Come conciliare, lo stallo economico e il crescente indebitamento pubblico degli Stati democratici con il benessere diffuso, con la tutela dei diritti nati e strutturatisi durante la felice, seconda parte del ‘900?
La mia risposta più efficace è da ricercare in una sottolineatura: la necessità di un superamento del vecchio Welfare State per approdare ad uno nuovo Welfare, unico possibile oggi in Europa, e in questa direzione pongo una questione dirimente: siamo sicuri che non sia possibile integrare tra loro le esperienze di welfare… che l’Europa ha prodotto sin dalle prime rivoluzioni industriali?
Immaginiamo: di rilanciare il modello di welfare sociale di matrice conservatrice, utilizzando le strutture ancor oggi operanti del welfare state (quelle sanitarie, assistenziali, scolastiche, ecc.); di utilizzare a pieno regime l’offerta del terzo settore, il volontariato, l’impegno delle Chiese, in primis la Cattolica, un mirato impiego dei migranti che, da esclusi sociali, potrebbero diventare risorsa per le attività di assistenza, con enormi vantaggi di integrazione sociale e di utilità comunitaria; che tante Istituzioni e Fondazioni filantropiche possano essere meglio canalizzate, coordinate e godere dell’utilizzo di strutture e infrastrutture esistenti con il risultato di favorire la mobilitazione di energie umane, finanziarie e cognitive; come un processo così orientato renderebbe agevole l’ingresso del capitale di rischio nel “mercato sociale”.
Nell’ Europa Centro-Settentrionale negli ultimi anni è stato favorito un incremento del 30% di investimenti privati in questo mercato, un esempio concreto con un grande potenziale in Italia è quello da me trattato a proposito delle RSA specializzate.

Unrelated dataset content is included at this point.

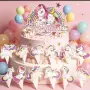 12 бр Еднорог Unicorn Birthday къси картонени топери топер за торта мъфин, снимка 1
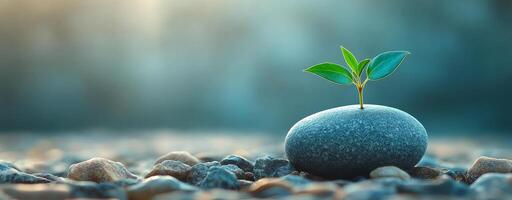 Sprout from stone in calm scene. A small sprout with green leaves grows from a smooth stone amidst pebbles, symbolizing resilience and new beginnings. photo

Un altro esempio è quello del mercato mutualistico, nel quale è organizzabile la fruizione di straordinari vantaggi economici, fiscali e di assistenza per una completa tutela sanitaria e pensionistica per famiglie, giovani che iniziano sempre più tardi a lavorare e per i lavoratori all’interno delle aziende.
E ancora, la costruzione di reti informative smart, fondamentali per la diffusione della conoscenza, l’efficienza e la rapidità d’azione nel settore. Penso poi all’infrastrutturazione del Paese nella scelta dei percorsi di studio dei giovani, dell’inserimento nel mondo del lavoro, della formazione continua in un mondo industriale 4.0, tutte materie che oggi sono gestite caoticamente e che andrebbero coordinate dal Governo Centrale, a cascata fino al governo dei quartieri nelle città.
Immaginiamo, insomma, come una crescita del welfare sociale, insieme a una crescita degli investimenti privati in questo settore, potrebbe ottimizzare le funzioni nobili del welfare state (governo pubblico, coordinamento territoriale, uso di strutture e infrastrutture pubbliche e private), comportando una graduale e tendenziale riduzione dei costi e quindi della spesa pubblica.
Mettiamola in una formula: + welfare sociale + politiche pubbliche (normazione, leva fiscale e contributiva, coordinamento amministrativo, controllo) + impresa privata impegnata nel settore
+ terzo settore + integrazione degli immigrati + ruolo delle istituzioni filantropiche laiche e religiose
– welfare state, certo non in un quadro di riduzione ma di qualificazione dei servizi, di efficacia/efficienza, di minori costi, di coinvolgimento del fattore umano = welfare integrale 2050.